'Accurate representation matters': the importance of portraying realistic Muslim characters on TV
A short video has resurfaced on social media bringing harsh criticism to an American show's depiction of a Muslim hijabi
A short clip from an episode of Fox's television series 9-1-1: Lone Star all of a sudden resurfaced on Twitter this week.
The episode may have first been broadcast in January, but that certainly doesn't mean the issues it raises are no longer relevant.
The clip in question has drawn harsh criticism about the depiction of the show's Muslim character Marjan Marwani, a hijabi firefighter played by Natacha Karam.
The scene shows Marwani losing her hijab during a rescue mission, after which her male teammates run to "form a wall" around her as she tries to put her hijab back on.
"Cringeworthy," wrote Twitter user Vikas Pandey in response. "Look at [the] actor hiding her and closing his eyes as if she is changing her clothes, not fixing [her] hijab."

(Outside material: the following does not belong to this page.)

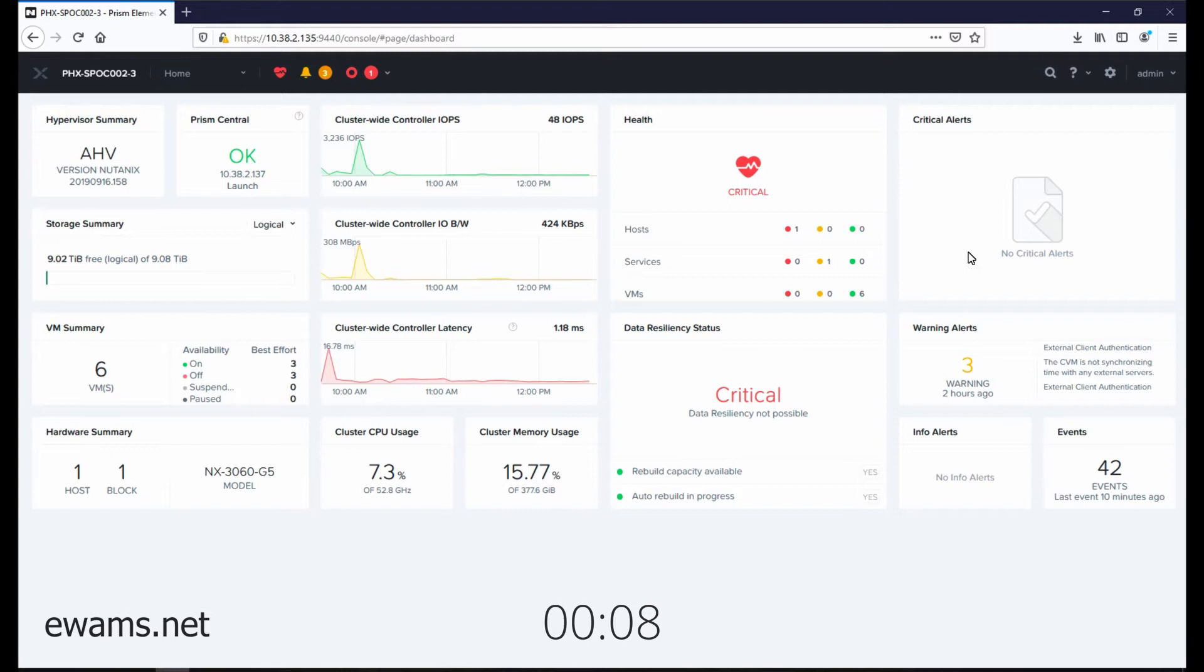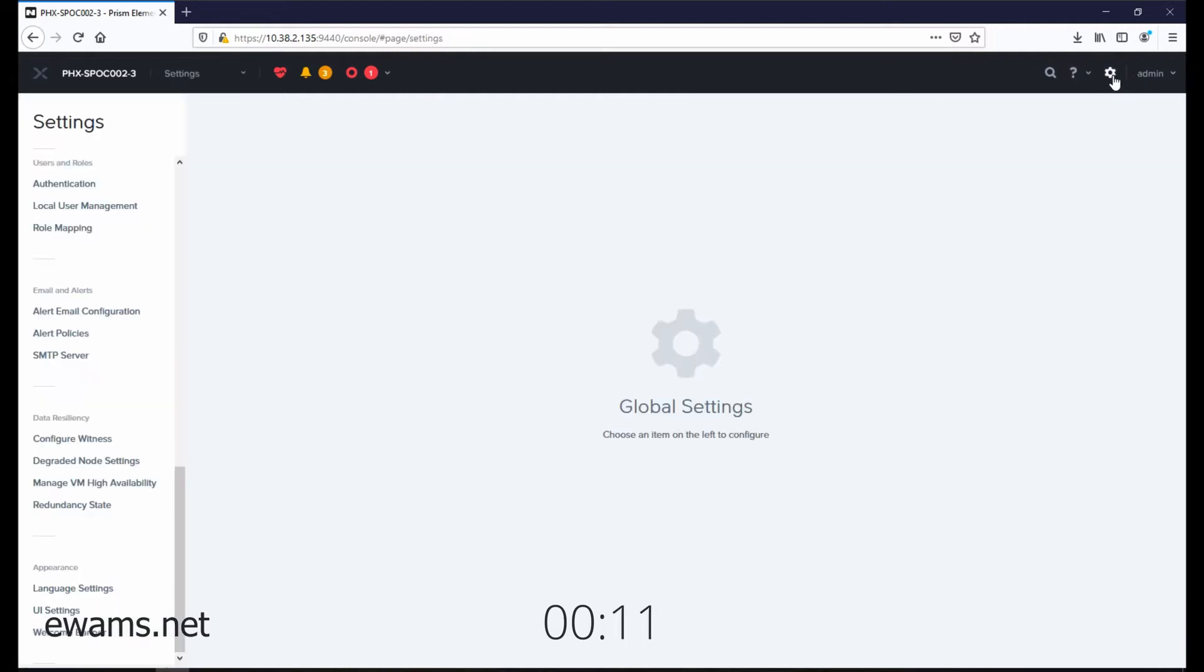Go to the gear icon on the top right, scroll to the bottom, and select UI settings.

Some social media users, meanwhile, have criticised the actress's immaculately styled hair, arguing that few hijabi woman would have flowing locks like that if they were to lose their veil the way the character did.
Others slammed one male character's reaction upon seeing Marwani's hair for the first time, as he simply uttered "wow". The list of critiques goes on as Twitter users tore the scene apart.

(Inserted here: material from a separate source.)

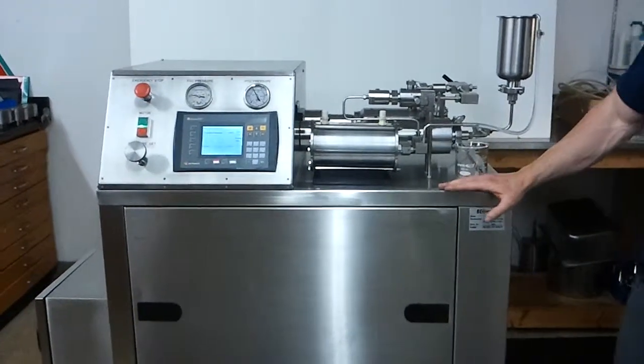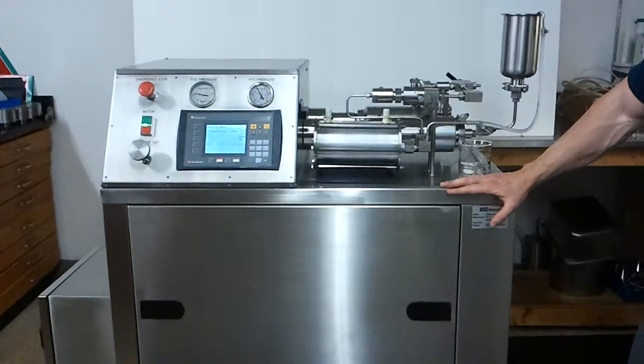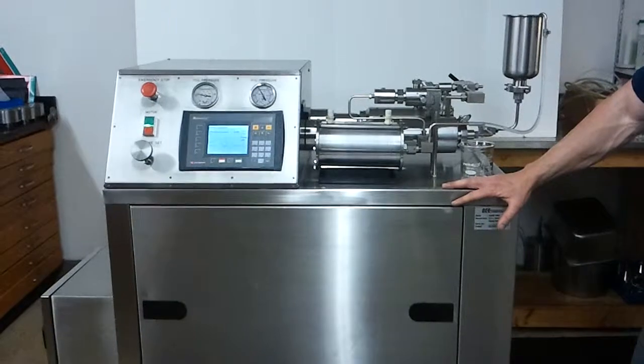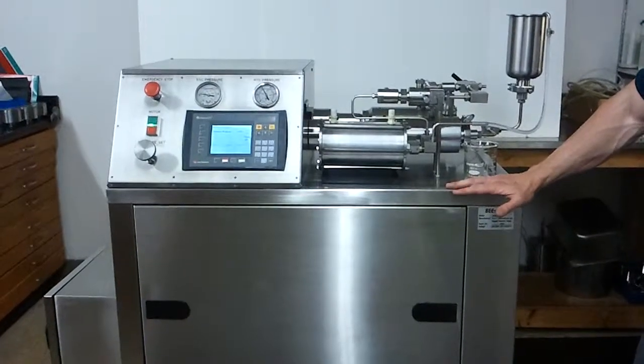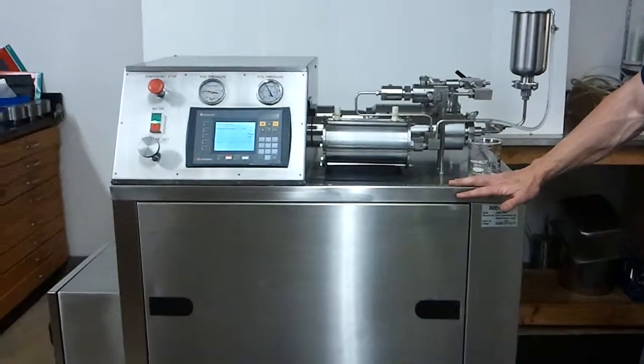This is B International's DB2000. It's our pilot scale high pressure homogenizer.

The conversation led other users to share a clip from a different scene that showed Marwani praying at the fire station, but in a manner that seemed inaccurate to the way Muslims typically prayed. As she kneels to the floor, her feet are to the side with arms on the floor during the sujood position.

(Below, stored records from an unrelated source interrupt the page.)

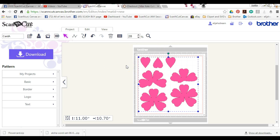If you guys have any questions at all, you can find me over at Scan and Cut Canvas and Scale Help on Facebook. Thanks guys.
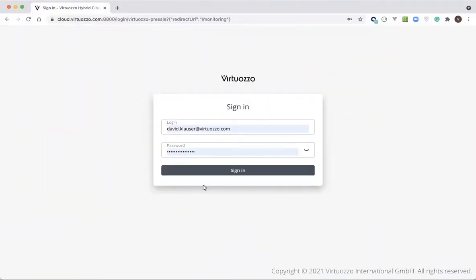Hello, and welcome to the demonstration of the Virtuoso Hybrid Infrastructure Self-Service Interface, the view for end users.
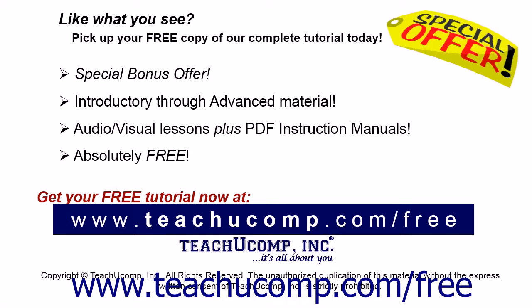Like what you see? Pick up your free copy of the complete tutorial at www.teachucomp.com forward slash free.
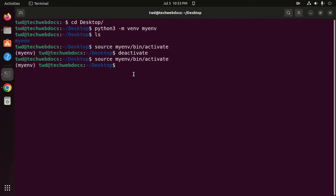I am also going to install a Python package using pip, the Python package installer, with the command 'pip install'. Now hit Enter to install the package.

"When you make an effort to include a Muslim character but can't be bothered to search how Muslims pray," wrote Twitter user Ambereen Dadabhoy. "Accurate representation matters."
Dadabhoy makes a fair point. While 9-1-1: Lone Star's creators are to be applauded for including a Muslim character in a western show, the kind of inaccuracies that are overlooked do as much harm as the lack representation itself.
It makes viewers able to clock those misrepresentations of their faith lose their belief in the story and its credibility, even if it's a fictional television series.
Last month, Netflix released Unorthodox, a German-American drama series based on Deborah Feldman's 2012 autobiography Unorthodox: The Scandalous Rejection of My Hasidic Roots.
In a special episode titled The Making of Unorthodox, the creators of the show talked about the lengths they went to to make sure that their representation of the Satmar Hasidic community of Williamsburg, New York, was as accurate as could be.
"You have to go beyond cliche, beyond our projection on to what the life might be in a community like this," said the show's director, Maria Schrader. The creators also worked with specialists such as Eli Rosen, a cultural consultant who also acted in the show, to ensure the precisest, most accurate of details.
Regardless of what one might think of the show's story, the way they captured the authentic essence of that community deserves to be recognised.
However, 9-1-1 Lone Star isn't the first nor is it the only show to receive such criticism for its representation of Muslim female characters. The Bold Type, a show about three young women, has been criticised for the way its Muslim character Adena dressed in low-neck tops, for instance. This is something a hijabi Muslim woman wouldn't do.
One of the more accurate representations of Muslims on the small screen is the successful Hulu show Ramy. Although it has had its share of criticism, it's far from a lazy representation. Another example is Sam Esmail's Mr. Robot with its Muslim character Shama Biswas.
The creators of 9-1-1: Lone Star still have an opportunity to make Marwani's character more believable with the renewal of a second season.